[Source material — start]

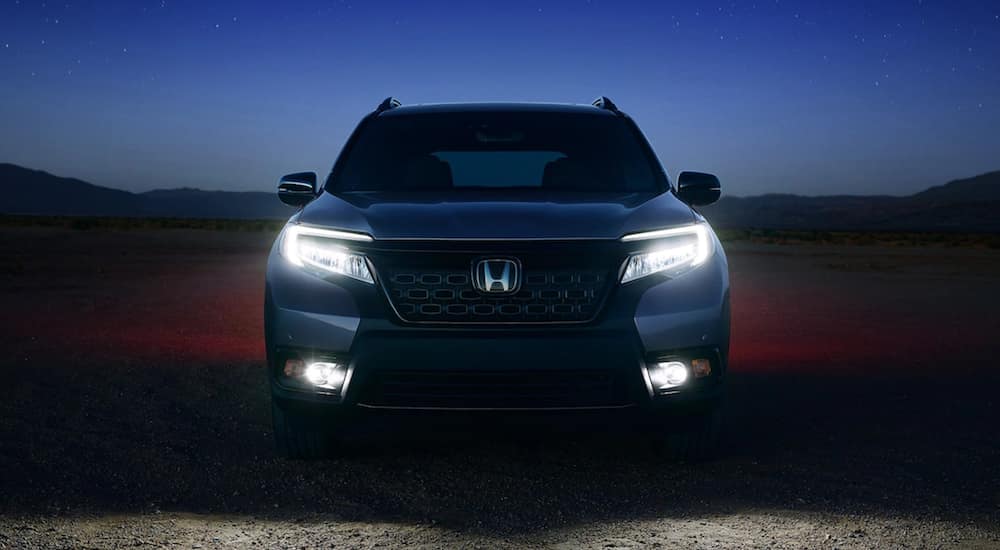 The front of a 2021 Honda Passport Elite is shown at dusk.
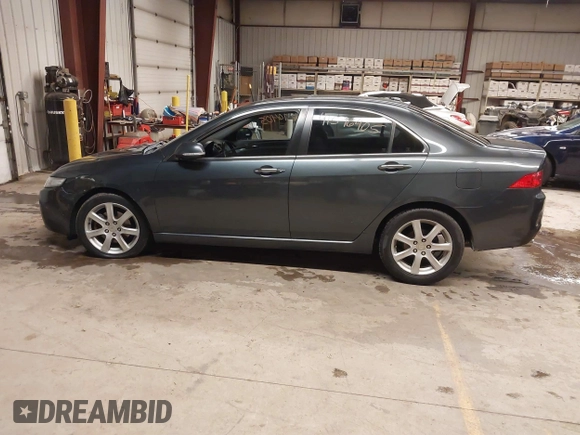 2005 Acura TSX with VIN JH4CL96975C034682, listed as a IAAI auction lot 41596405 with 228,889 mi miles and . Bid and sale history available at DreamBid. Image 14.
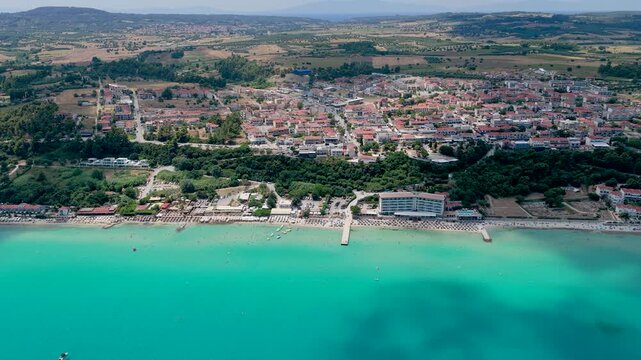 Aerial view of coastal town with turquoise water and beach pier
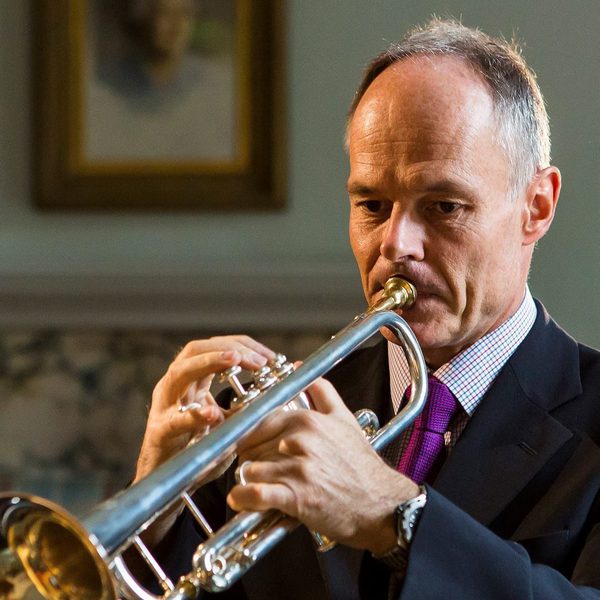 Mark David plays a trumpet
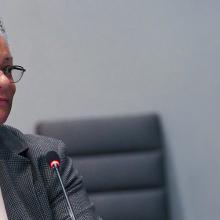 Renee Gordon at at FirstNet Authority Board meeting Renee Gordon in front of a microphone at at FirstNet Authority Board meeting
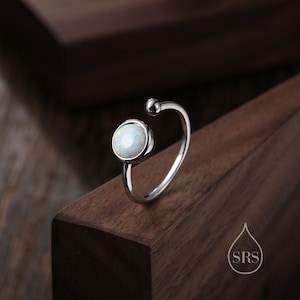 Op de afbeelding: Een zilveren ring met een witte opaal-steen gezet in een ronde bezel. De ring heeft een eenvoudig, modern ontwerp en is perfect voor dagelijks gebruik.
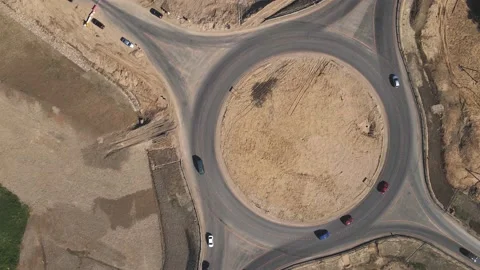 4k Top down aerial view of a traffic roundabout. Road construction Stock Footage 157388999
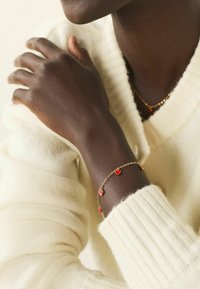 Gold bracelet with red heart charms, worn on a dark arm. The wrist is adorned with a cream knitted sweater, featuring ribbed texture.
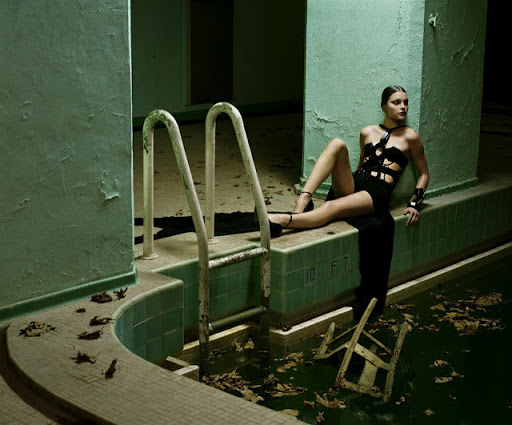 Model in black dress lounging by a murky abandoned indoor swimming pool with green tiled walls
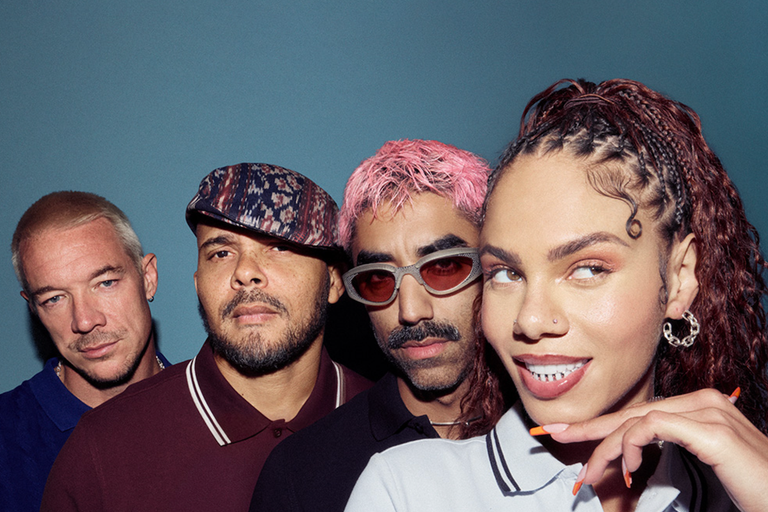 Promotional portrait of electronic dance music trio Major Lazer with Diplo, Walshy Fire, and Ape Drums posing against a teal blue background.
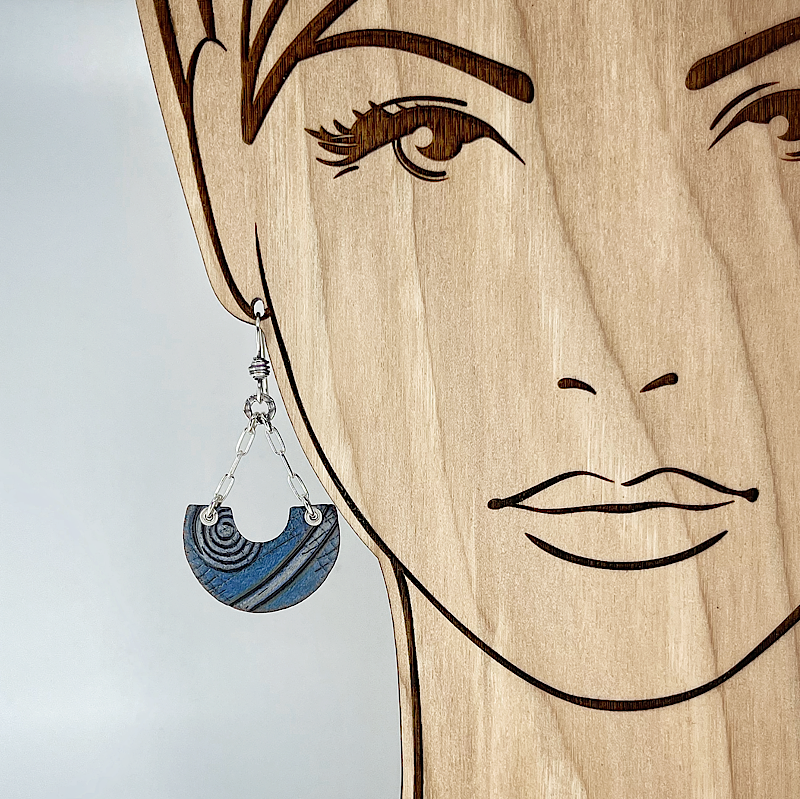 Blue and silver earring shown on model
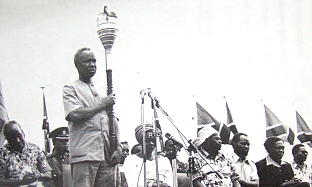 Julius Nyerere, Africa's elder statesman. Behind Nyerere are Kaunda, Machael, Obote
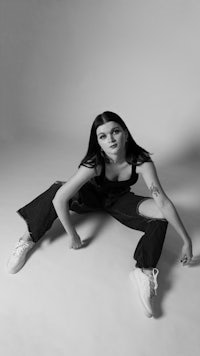 a black and white photo of a woman posing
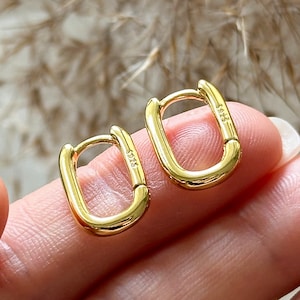 Puede incluir: Un par de pendientes de aro dorados con forma rectangular. Los pendientes son pequeños y delicados, y tienen un diseño simple y moderno.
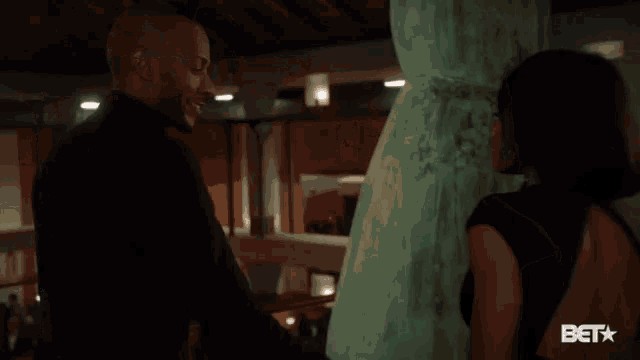a man and a woman are standing next to each other and the woman is wearing a black dress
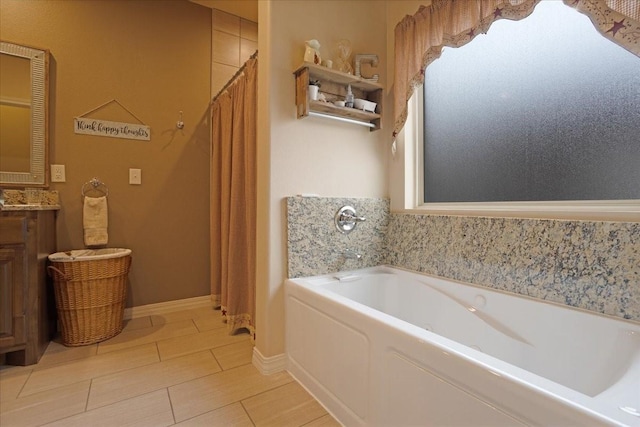 full bathroom featuring a bath and vanity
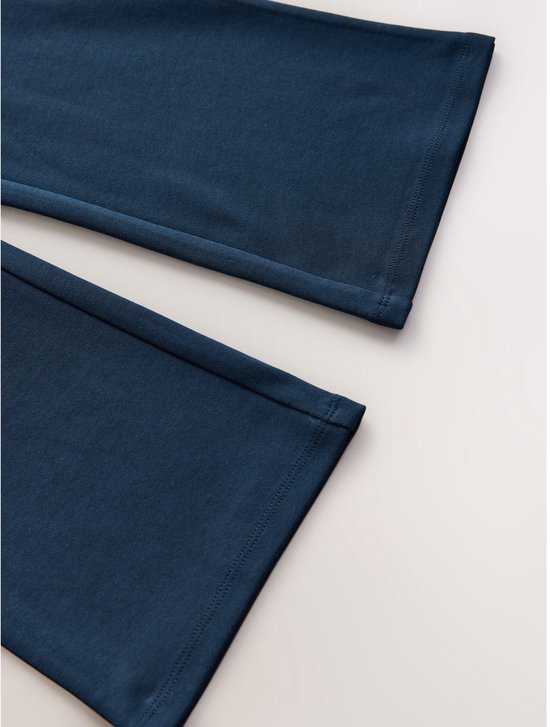 Close-up van de onderkant van twee donkerblauwe broeken, met een zoom met dubbele stiksels.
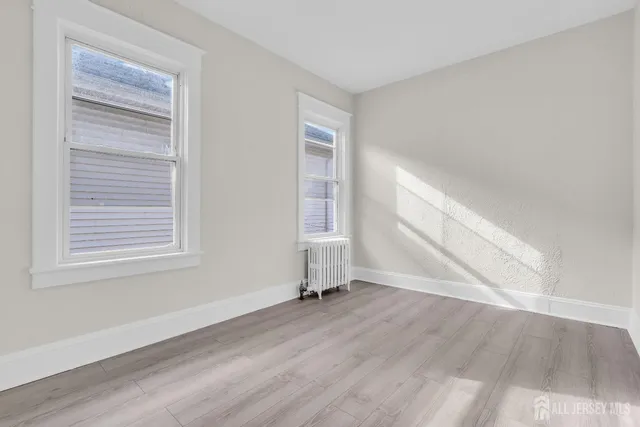 an empty room with wooden floor a ceiling fan and windows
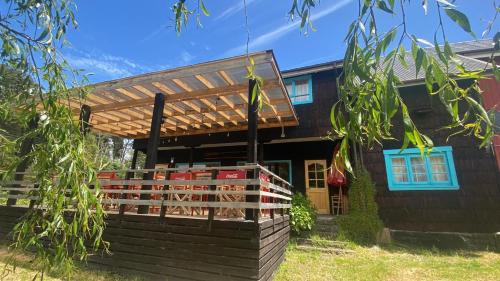 a house with a pergola in front of it at Hostal de Campo in Ensenada
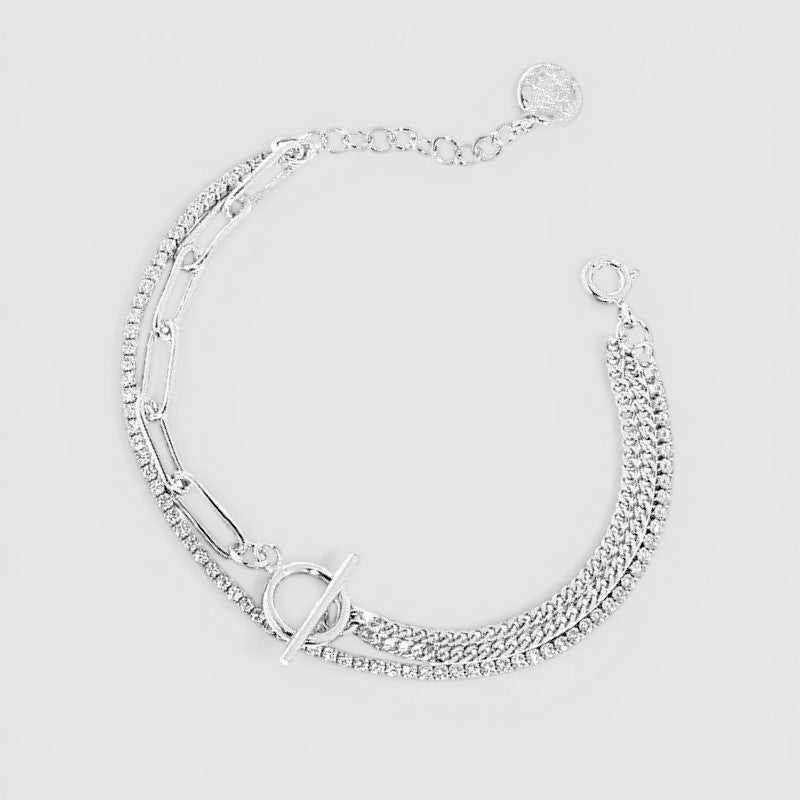 Amara Jewels layered chain sterling silver bracelet with toggle clasp featuring circle T charm.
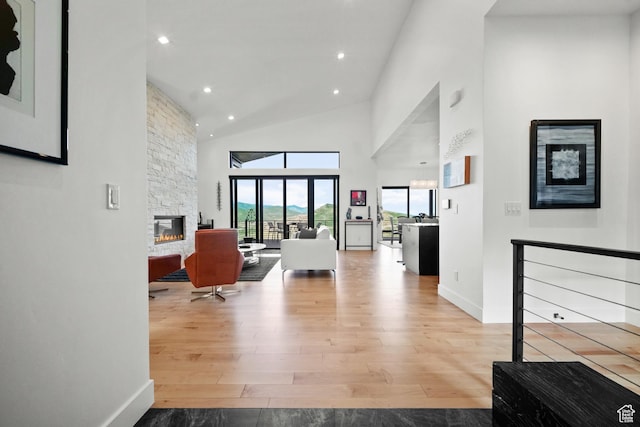 11515 N White Tail Ct, Hideout, UT 84036 - living area with high vaulted ceiling, baseboards, wood finished floors, recessed lighting, and a stone fireplace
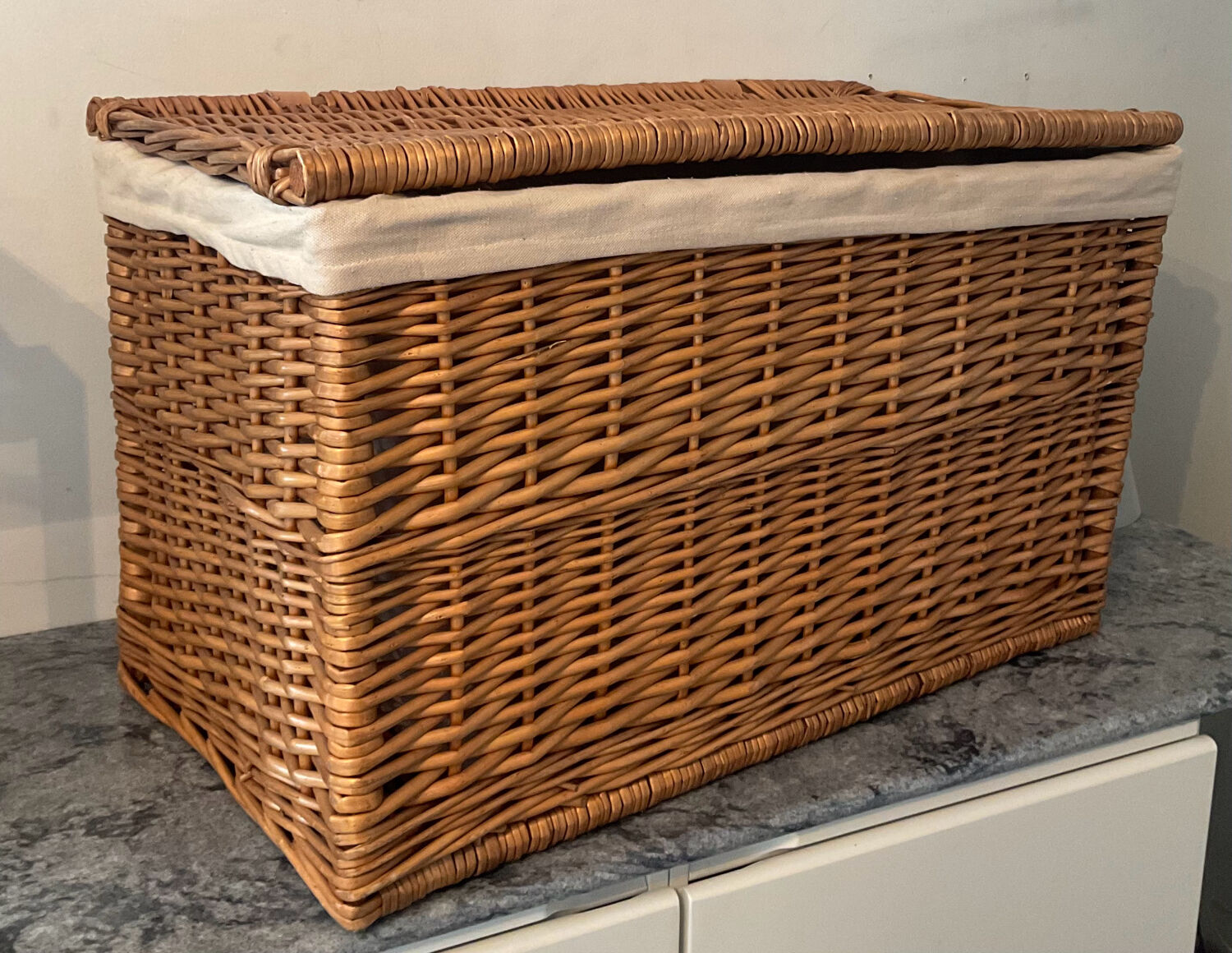 Woven wicker vintage suitcase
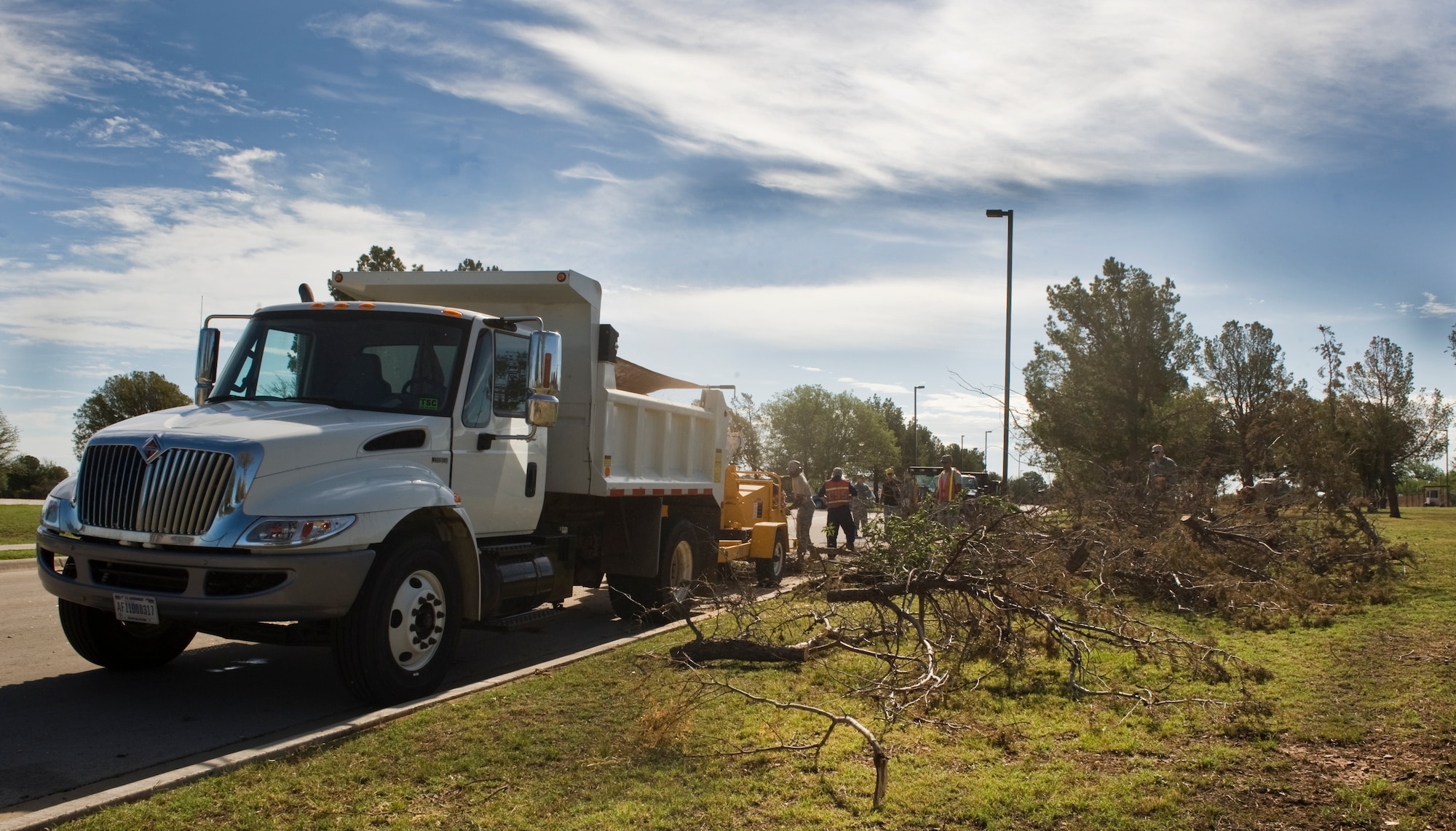 U.S. Air Force Airmen with the 7th Civil Engineer Squadron (CES) clean up tree debris June 18, 2013, at Dyess Air Force Base, Texas. The 7th CES pavements and equipment shop collected 65-tons of debris after a storm hit on June 17. (U.S. Air Force photo by Senior Airman Jonathan Stefanko/Released)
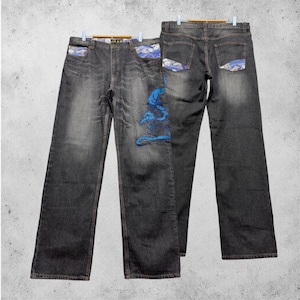 Könnte beinhalten: Eine dunkelgraue Jeans aus Denim mit einem blauen, gestickten Drachenmotiv auf dem linken Vorderbein, Akzenten aus blau-weiß gemustertem Stoff an den Vorder- und Gesäßtaschen, einem Knopfverschluss und Gürtelschlaufen am Bund.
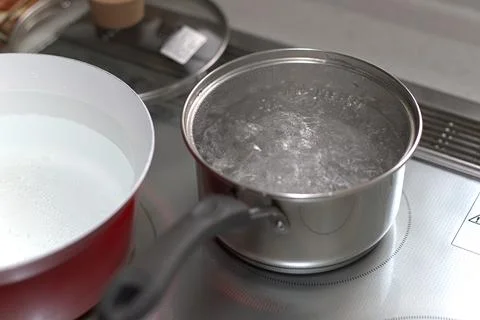 Water boiling on an infared range top Stock Photos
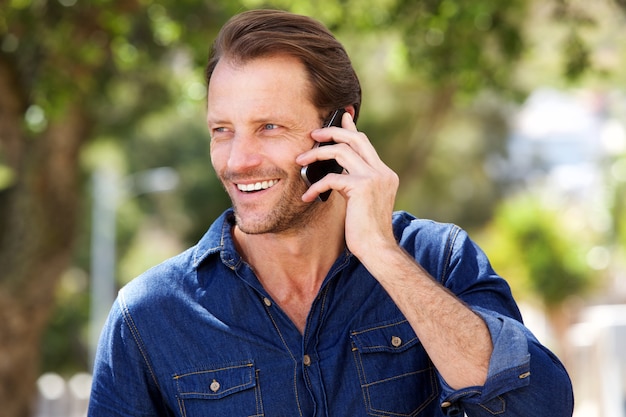 Hombre guapo sonriendo con teléfono móvil al aire libre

[Source material — finish]

What to produce
In the data above, please extract the lines from the first one through the line with "Puede incluir: Un", exactly, and keep pictures out.

Exercise answer
 The front of a 2021 Honda Passport Elite is shown at dusk.
 2005 Acura TSX with VIN JH4CL96975C034682, listed as a IAAI auction lot 41596405 with 228,889 mi miles and . Bid and sale history available at DreamBid. Image 14.
 Aerial view of coastal town with turquoise water and beach pier
 Mark David plays a trumpet
 Renee Gordon at at FirstNet Authority Board meeting Renee Gordon in front of a microphone at at FirstNet Authority Board meeting
 Op de afbeelding: Een zilveren ring met een witte opaal-steen gezet in een ronde bezel. De ring heeft een eenvoudig, modern ontwerp en is perfect voor dagelijks gebruik.
 4k Top down aerial view of a traffic roundabout. Road construction Stock Footage 157388999
 Gold bracelet with red heart charms, worn on a dark arm. The wrist is adorned with a cream knitted sweater, featuring ribbed texture.
 Model in black dress lounging by a murky abandoned indoor swimming pool with green tiled walls
 Promotional portrait of electronic dance music trio Major Lazer with Diplo, Walshy Fire, and Ape Drums posing against a teal blue background.
 Blue and silver earring shown on model
 Julius Nyerere, Africa's elder statesman. Behind Nyerere are Kaunda, Machael, Obote
 a black and white photo of a woman posing
 Puede incluir: Un par de pendientes de aro dorados con forma rectangular. Los pendientes son pequeños y delicados, y tienen un diseño simple y moderno.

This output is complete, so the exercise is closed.